- PROBLEM REQUIREMENTS: The expected response is the full listing, retyped exactly, without its images.

- DATASET EXTRACT:
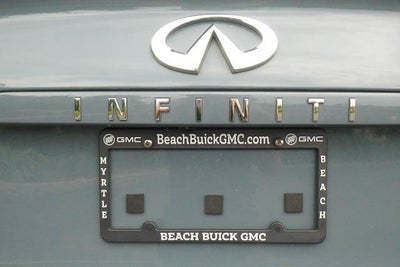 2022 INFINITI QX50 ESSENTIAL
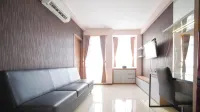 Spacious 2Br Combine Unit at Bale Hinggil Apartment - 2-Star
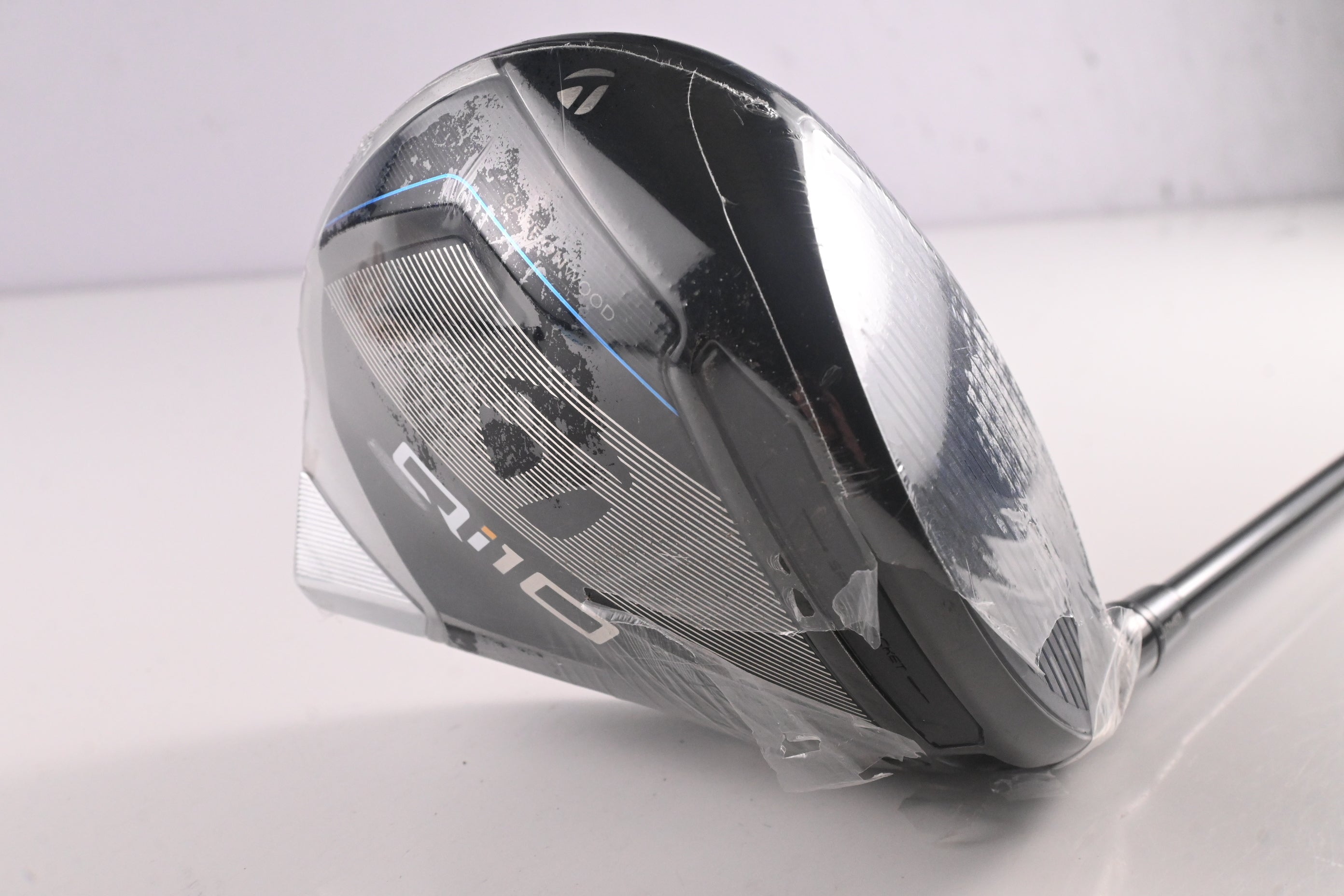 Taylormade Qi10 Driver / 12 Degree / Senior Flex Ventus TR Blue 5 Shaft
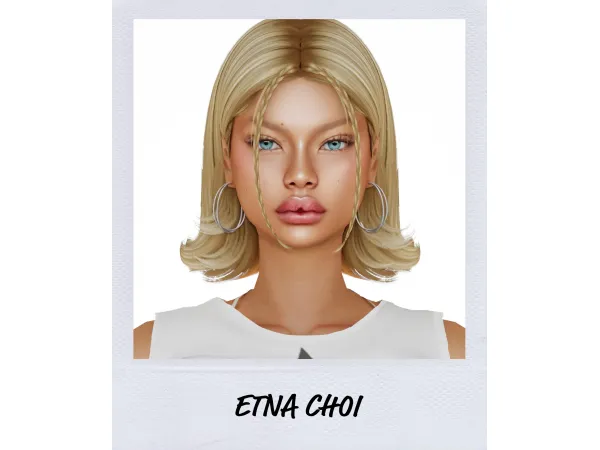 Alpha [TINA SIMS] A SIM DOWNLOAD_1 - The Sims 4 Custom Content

- YOUR RESPONSE:
 2022 INFINITI QX50 ESSENTIAL
 Spacious 2Br Combine Unit at Bale Hinggil Apartment - 2-Star
 Taylormade Qi10 Driver / 12 Degree / Senior Flex Ventus TR Blue 5 Shaft
 Alpha [TINA SIMS] A SIM DOWNLOAD_1 - The Sims 4 Custom Content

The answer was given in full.